PS daqui fui ao site do NORML canada e olha justamente o que ta na frontpage..

uma diretriz de como agir pro legalização

http://norml.ca/

1) Economic Development

The economy is our most unifying principle. Simply put, we can no longer afford cannabis prohibition and that cold, hard fact significantly impacts all of these pillars. The federal government currently spends close to 500 million dollars annually enforcing cannabis prohibition when estimates indicate lost tax opportunities on revenue in the tens of billions annually. This does not take into account other costs on municipal and provincial judicial systems, court time, legal fees in addition to lost revenues in the form of tax potential from the billions generated annually by Canada's cannabis industry.
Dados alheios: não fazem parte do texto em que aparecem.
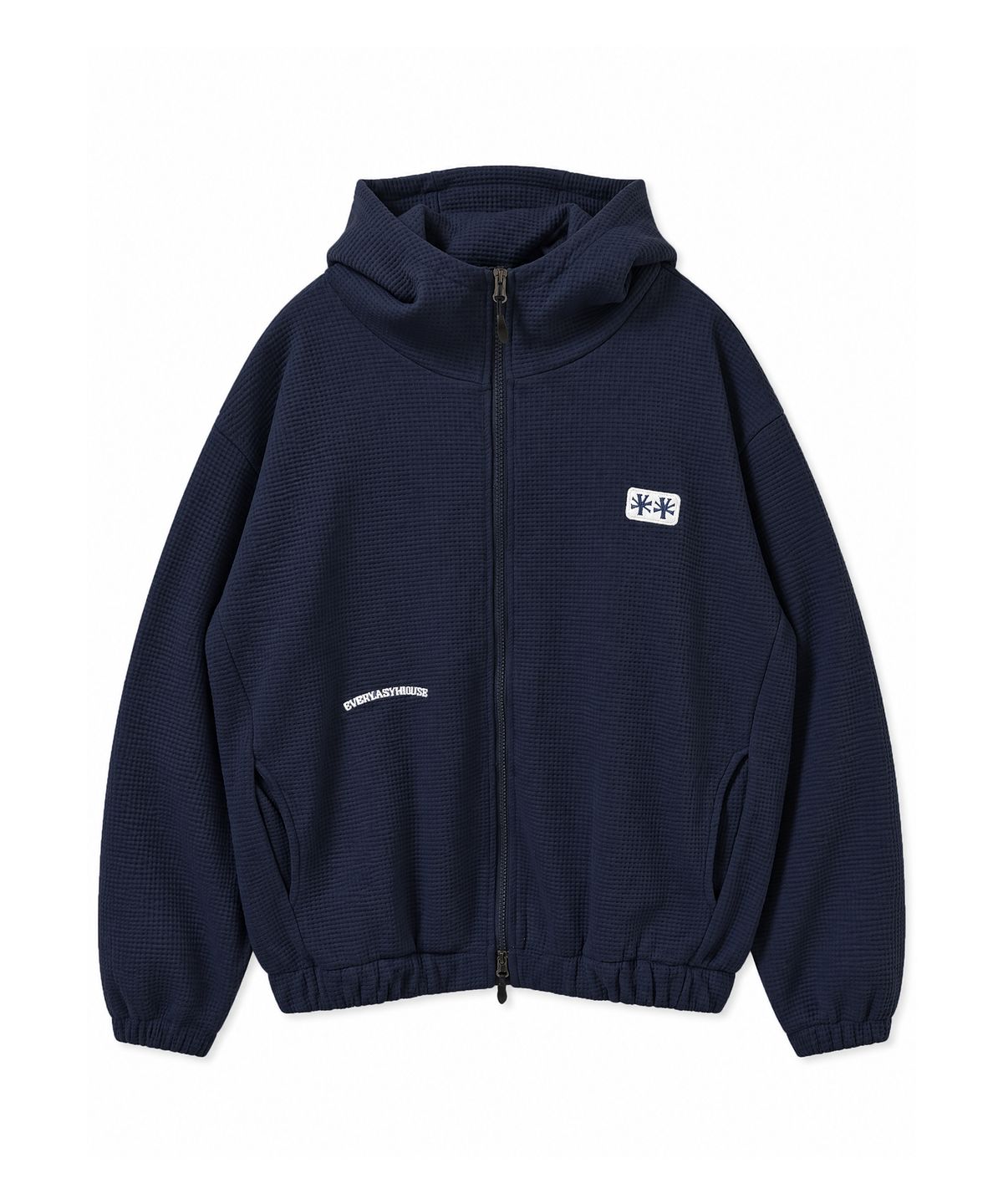 에키오(EKIO) 로고 패치 와플 후드 집업 (Navy)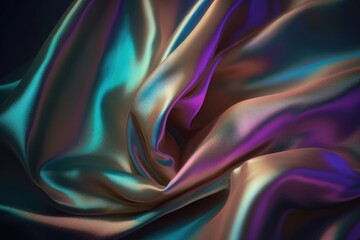 Obraz premium Holographic silk texture playful color. AI generated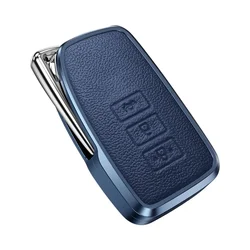 Premium Alloy Leather Car Key Case Cover - 3 Button Styling Accessory (Blue)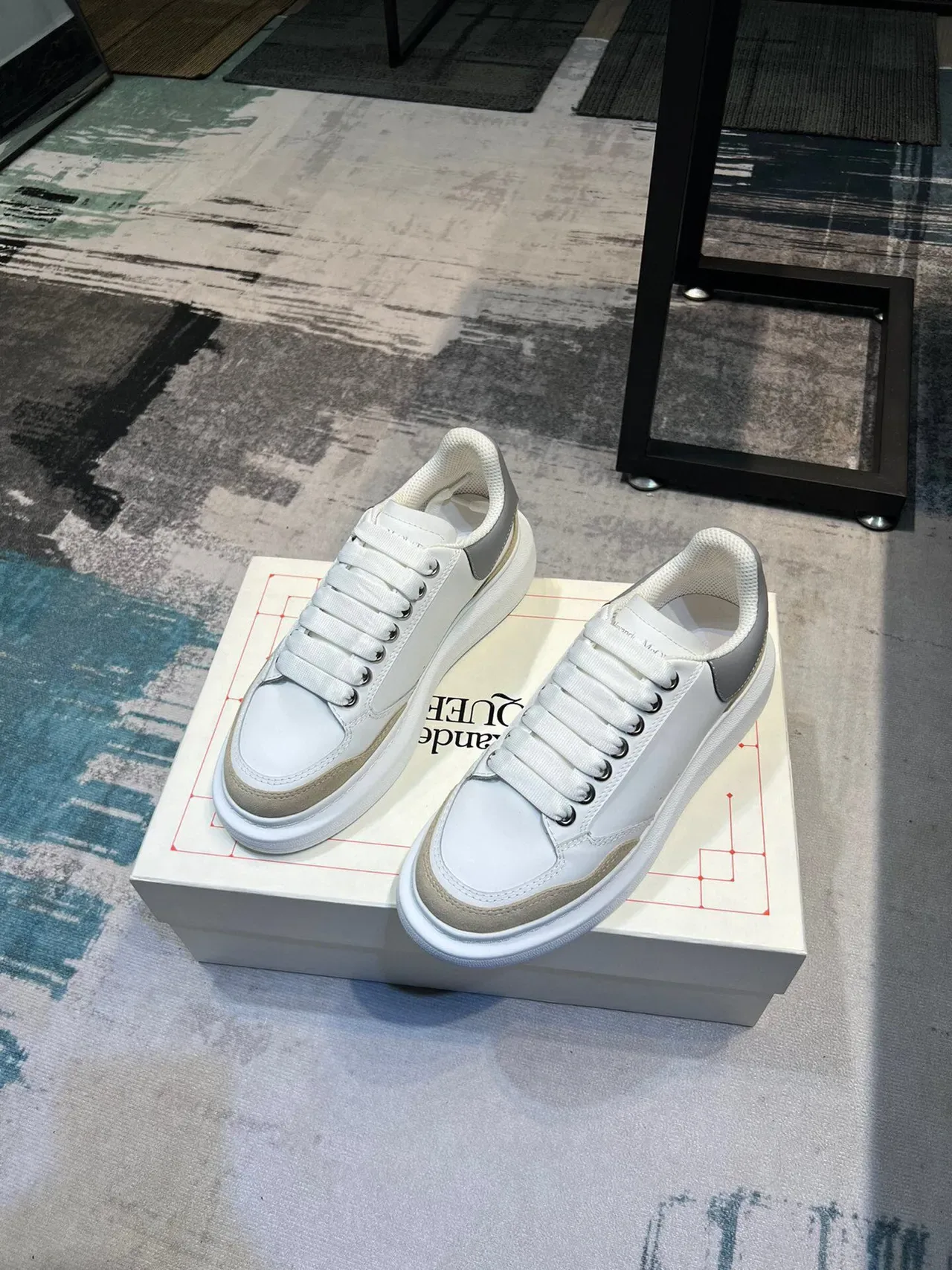 Alexander McQueen Oversized Sneaker White Beige Gray Lifestyle Sneakers 6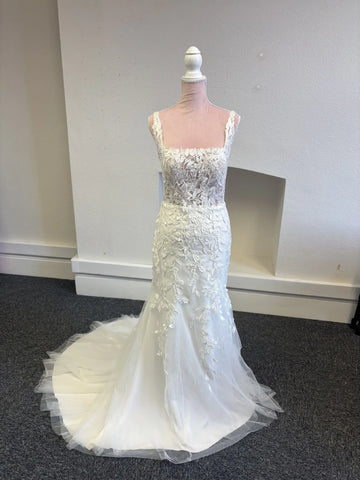 Customized Women's White Elegant Romantic 2026vestido De Novia Square Collar Decal Lace Backless Design Wedding Dresses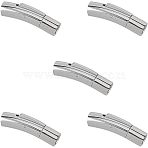304 Stainless Steel Bayonet Clasps, DIY Jewelry Making, Column, Stainless Steel Color, 28x7x7.5mm, Hole: 5mm, 5sets/box(STAS-UN0001-88D)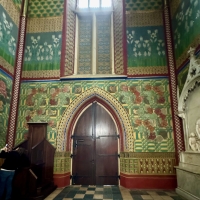 The Church of St. Francis of Assisi, Krakow, with late 19-century wall decorations by the artist Stanisław Wyspiański -- unique motifs for an old church. He also designed the modern stained glass.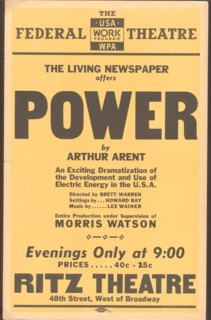 Poster from New York production of Power (Ritz Theatre), [1937]. Creator: Unknown.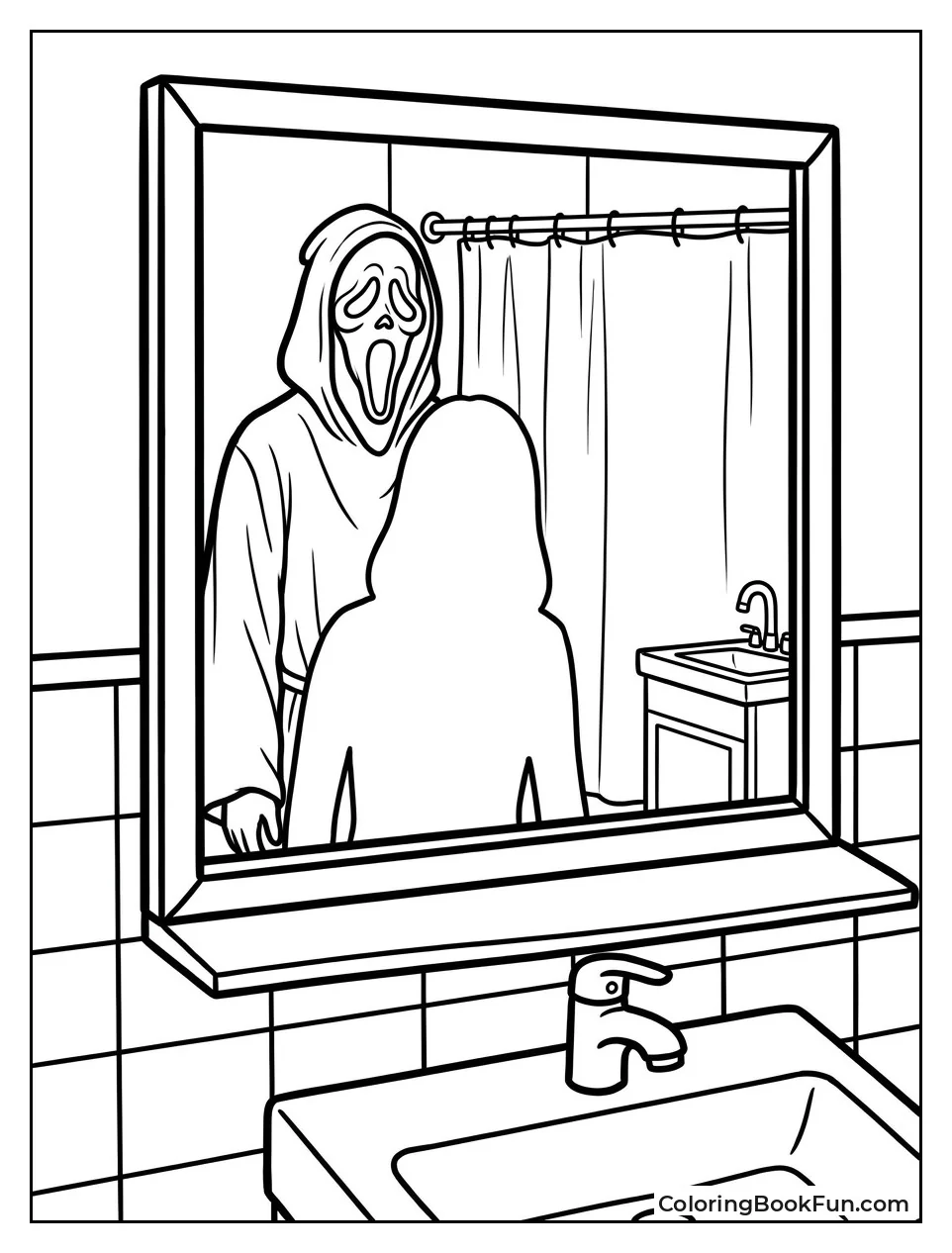 Ghostface Reflection in Empty Bathroom Mirror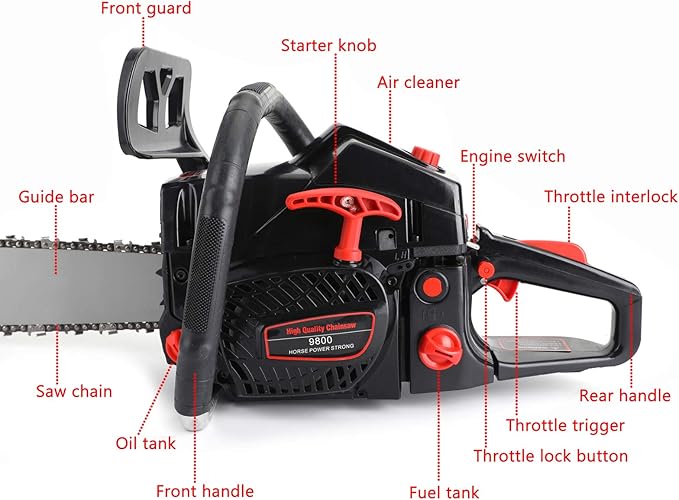 Topteng Gasoline Chainsaw 22 Inch, 62cc Chainsaw 22" Bar Powered Engine 2 Cycle Gasoline Chain Saw, Red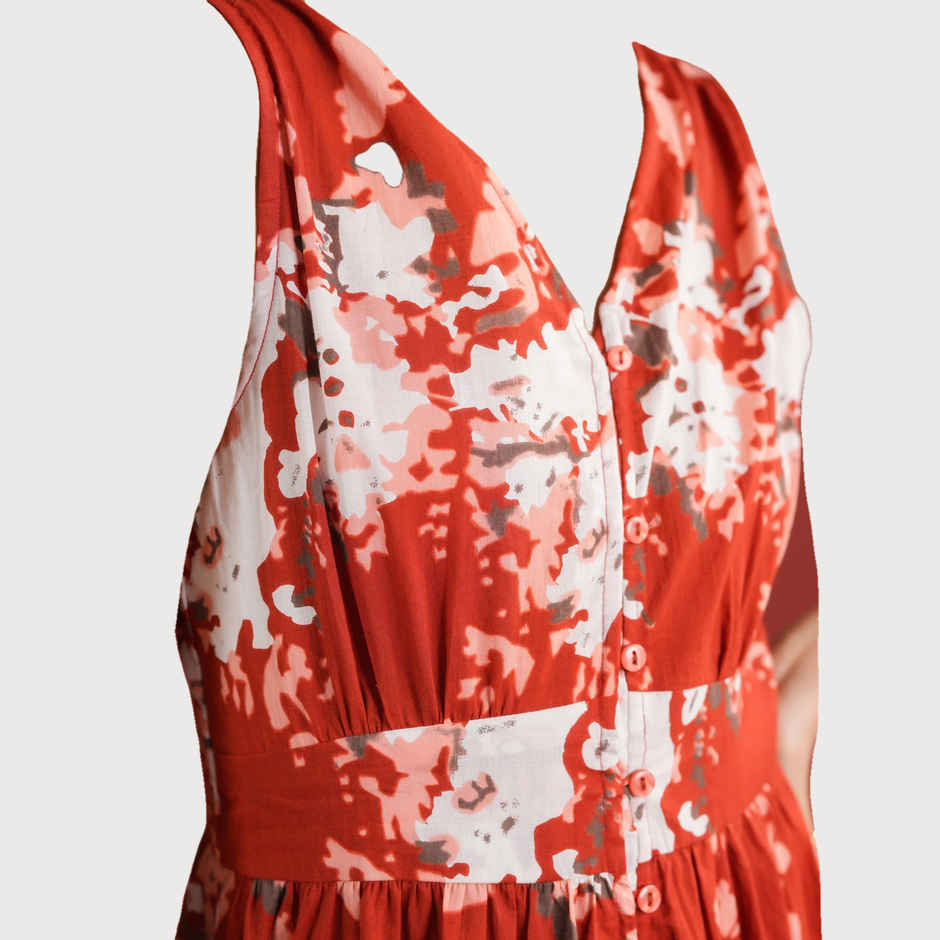 Sanskruti Homes Women Dress - Orange | Printed V-neck | L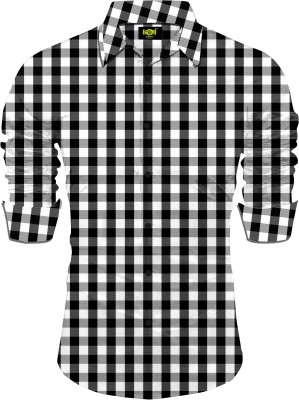 JAL KIN Men Checkered Casual Black, Grey, White Shirt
"A economia é um dos principois que mais nos une. Nos simplesmente não conseguimos sustentar a prohibição da cannabis, e esse fato tem impactos significativos para esses pilares. O governo federal gasta perto de 500 milhões de dollares anuais fazendo comprir a lei de pohibição da cannabis quando as estimativas indicam opportunidade de renda estarem perto dos 10 BILHOES. Isso num leva em conta outros custos de sistemas judiciais, horas no tribunal nos niveis municipais e provinciais junto com ao mesmo tempo, dinheiro perdido em forma de impostos de renda gerado anualmente pela industria de cannabis do Canadá."